The issues surrounding the policy of “Don’t Ask, Don’t Tell” can be reduced down to two polarized mindsets in society: those who are anti-gay and those who are gay or are pro-gay. This black and white separation is based on the idea that being gay is either inherently deviant, wrong and should not be tolerated at all; or that being gay is a state of being that should never cause people to be mistreated, discriminated against or lose the rights that everyone else has.
A more realistic separation includes those who are not gay, but who will fight for everyone, regardless of sexual orientation, to live full lives and to have the same rights and opportunities in life as every other citizen. There is a larger group of Americans who support and have acceptance of their gay friends, family, co workers and neighbors, but the smaller group of virulently anti-gay Americans seem to have more power.
Thus, the cute trick of seeming to do something to help gays stay in the military while actually doing nothing at all would inevitably lead to calls for ending the “DADT” policy and allowing full acceptance of gays in military duty and life. But there are three problems.
First, the military can be an overall quite conservative institution and segment of the population. This does not mean that they are all merely politically conservative, but there is a social conservatism, too. There is enormous pressure in the military to associate “good order and discipline” with promoting nuclear family structures, traditional religions, heterosexual relations and the institution of marriage between only one man and one woman. Even couples or individuals who have children outside of marriage or who have mixed officer/enlisted relationships can be given plenty of trouble.
But gays have been in the military since the first military ever existed! This is a fact that belies the militarist’s external appearance of overwhelming conservatism and homophobia in social and political values.
Many gays and lesbians have been tolerated in the US military, have been given great advantages and not always in fairness. Many have even racially discriminated or were key players in making officially discriminatory policies against women and other minorities. As a result, the idea of a universally hostile and delicate military environment that has no tolerance for gays and lesbians is a great myth.
The source of the problems with ending DADT lies in the general society. When all 50 states cannot even agree on gay and lesbian anti discrimination law or on legalizing gay marriage, then the military can do nothing to institute something that the general society will not institute. And even after African American soldiers were given more rights and opportunities, virulent and overt racism persisted and is even having a resurgence today, just as racism is on the rise in general American society.
The source of the problems with full acceptance of gays in the military lie in Congress, which has repeatedly failed and refused to enact laws that give permanent and lasting equal rights and opportunities to gays and lesbians in the military.
The President can issue all of the executive orders that he wants to, but there are entrenched anti-gay powers who will challenge that executive order immediately, or the next president can rescind it, immediately plunging gay and lesbian soldiers back into the dark ages of an anti gay military.

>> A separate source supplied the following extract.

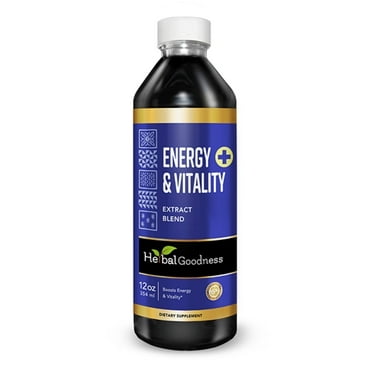 Energy and Vitality Liquid Extract 12fl.oz - Natural Energy Booster Supplement, Vitality Support, Yerba Mate - Herbal Goodness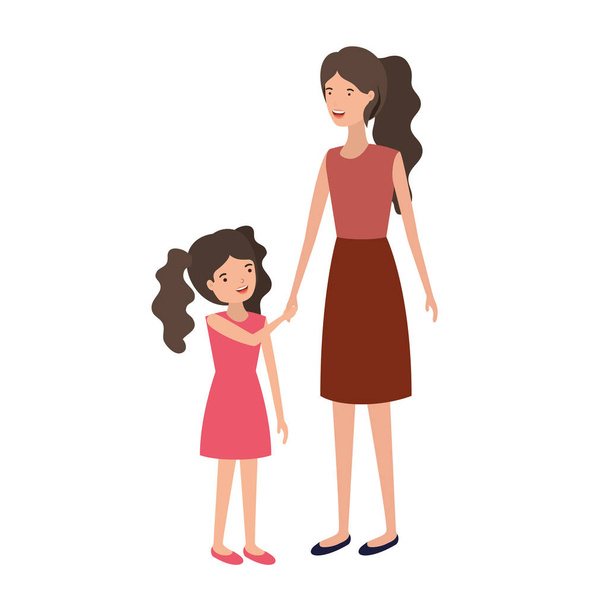 woman with daughter avatar character - Vector, Image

The source of the problems lie in the Supreme court, already an extremist right-wing court that has not been seen in any recent history. This court has demonstrated a propensity for going beyond its powers to interfere with state’s rights, as with the Gore-Bush Florida election case and to write law, as with giving the Corporation the rights that the citizens do not even have: to give unlimited money to political campaigns.
The Supreme Court, as it is composed now is expected, without wasting time, to override any military gay tolerance law written by Congress or any such executive order written by the President.
As a result, the most important issue surrounding getting full rights and acceptance of gays in the military lies in the power of those who do not want gays and lesbians to serve in the US military. Whether those powers represent a definitive minority of unelected Americans or not, they seem to be able to make the nation’s decisions and to convince the voting public to carry out their wishes.
The greatest fear should be that such political entities will get enough of themselves into power to end even “DADT” and to cause a pogrom against gays that have managed to serve under even that limited amount of protection.